Under the law, employers with 50 or more full-time or full-time-equivalent employees are required to offer health insurance to those employees and their dependents or pay a penalty. The minimum penalty is $2,000 per employee. While the mandate to offer coverage does not go into effect until 2014, there are deadlines to meet in the meantime.

A panel of chief financial officers discussed their top concerns about the upcoming health care requirements, as well as steps they are taking now to comply with the 2010 law.

Here are edited responses from four restaurant chief financial officers when asked: “What are your three biggest concerns as related to Obamacare?”

Richard Peabody“Cost, cost and cost. There’s significant uncertainty regardless of the size of the organization. There’s a lot of concern over this initiative. What we’ve done is have a benefits consultant run the numbers — it’s shocking.

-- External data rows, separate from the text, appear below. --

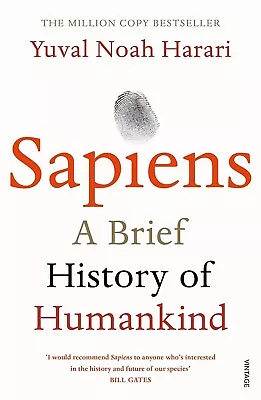 Sapiens A Brief History Of Humankind By Yuval Noah Harari Paperback Book NEW • $19.33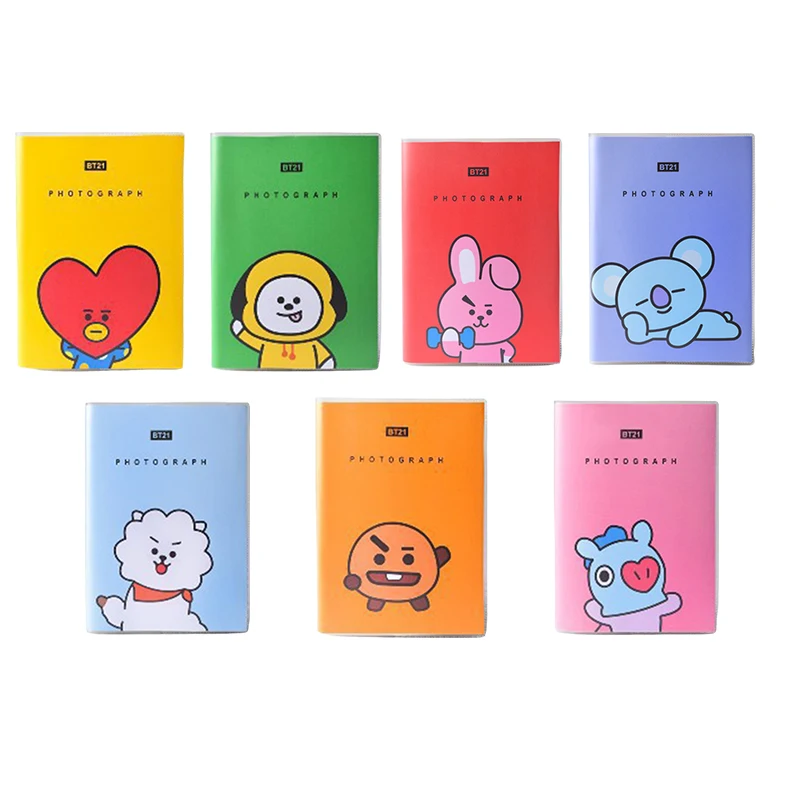 Kawaii BT21 Notebook Student Stationery Cartoon Printed Notebooks Diary Anime Peripheral Notebook Fans Gift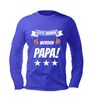 foto 2 Longsleeve met tekst:echte mannen worden vader perfect reveal shirt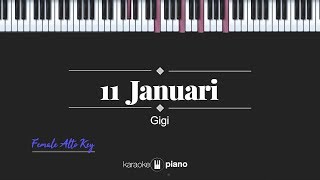 Download lagu 11 Januari (FEMALE ALTO KEY) Gigi (KARAOKE PIANO) mp3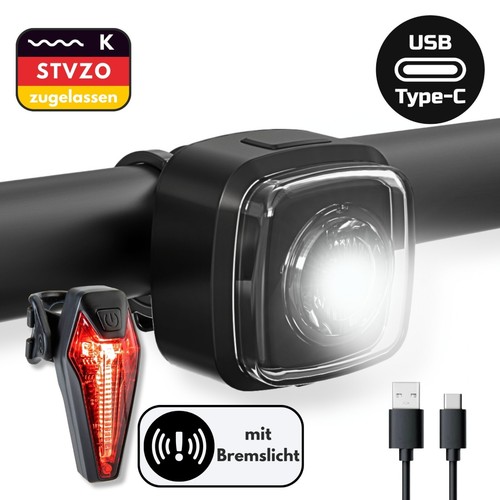 Fahrradlicht set stvzo led - stvzo, usb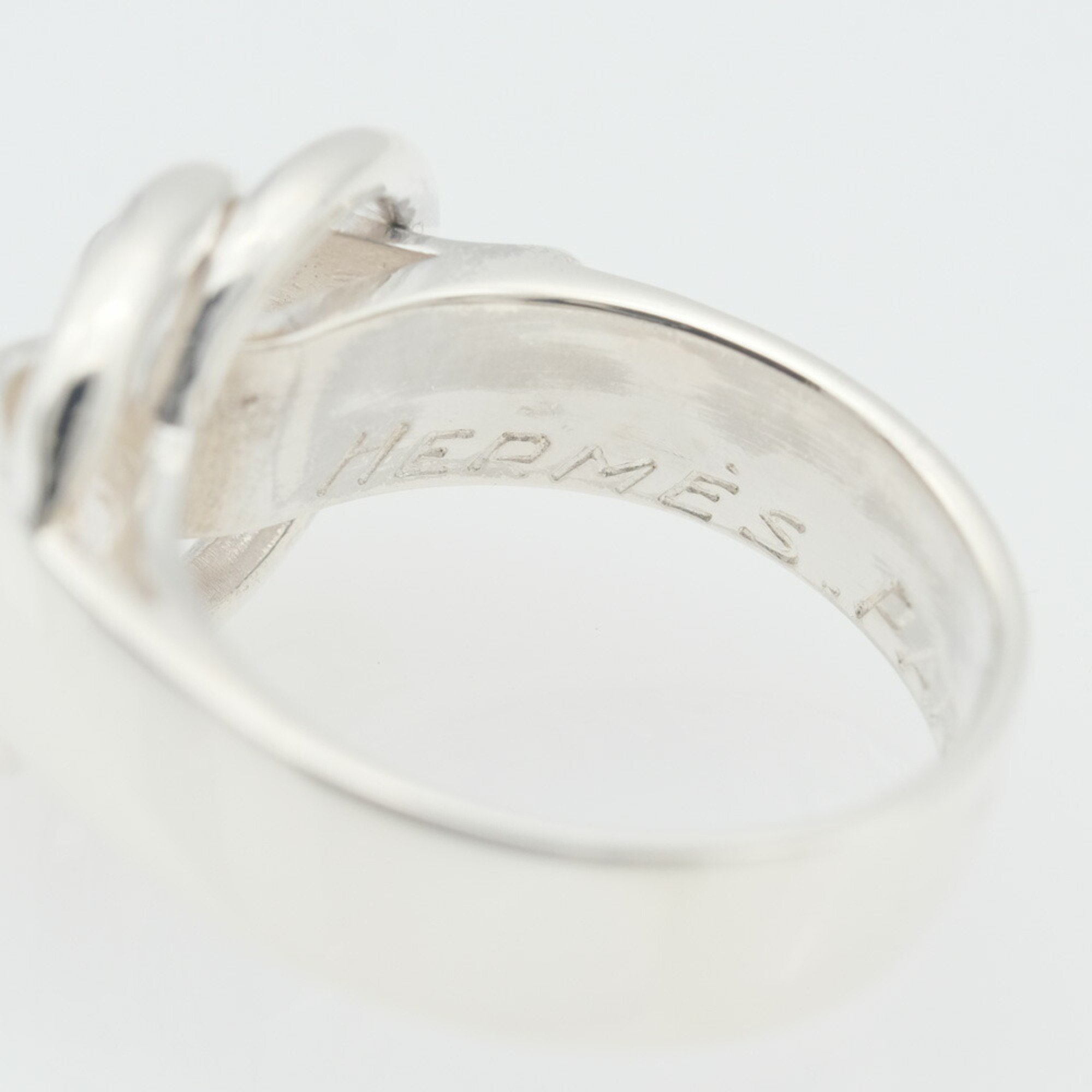 Hermes Dousagno Vintage Silver 925 No. 10.5 Women's Ring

Then we are looking for ways to deal with it. There will be some management of bringing down staff to part-time.  [But you have to remember that] in the restaurants, the employees have such great relationships with your guests, and you do want that. It’s tough to envision that conversation, but as time progresses, we’ll see how that goes.

We’re looking for certainty, and talking to operators about what’s going to happen if we take the workforce down to part-time status. We’re still assessing that.”
— Richard Peabody, CFO, Corner Bakery Café, a 140-unit fast-casual chain based in Dallas

Joe Koss“We know there’s some impact. We already offer health care to our full-time employees, but there will be a bigger impact to our franchisees. There’s a lack of understanding still today. After the Supreme Court decision [in June], we began educating our franchise community. The day after the election [in November] our phones started ringing. We’re a tight-margin business and the added costs could be significant.

One of our concerns is expansion. We still have a lot of single-unit operators, so they are below the 50-person minimum. But if they start expanding to two or three units, they cross that threshold. For now they are saying, ‘We’re going to hold off.’

We’re also concerned about the cost of administration. We’ve heard how complicated these documents are. You need good legal advice and consultants on the insurance side of the business. Its an18-page document to figure out what constitutes a full-time employee, compared to our six-page Constitution.”
— Joe Koss, CFO, Culver Franchising System, parent company to the 480-unit Culver’s quick-service chain based in Prairie du Sac, Wis.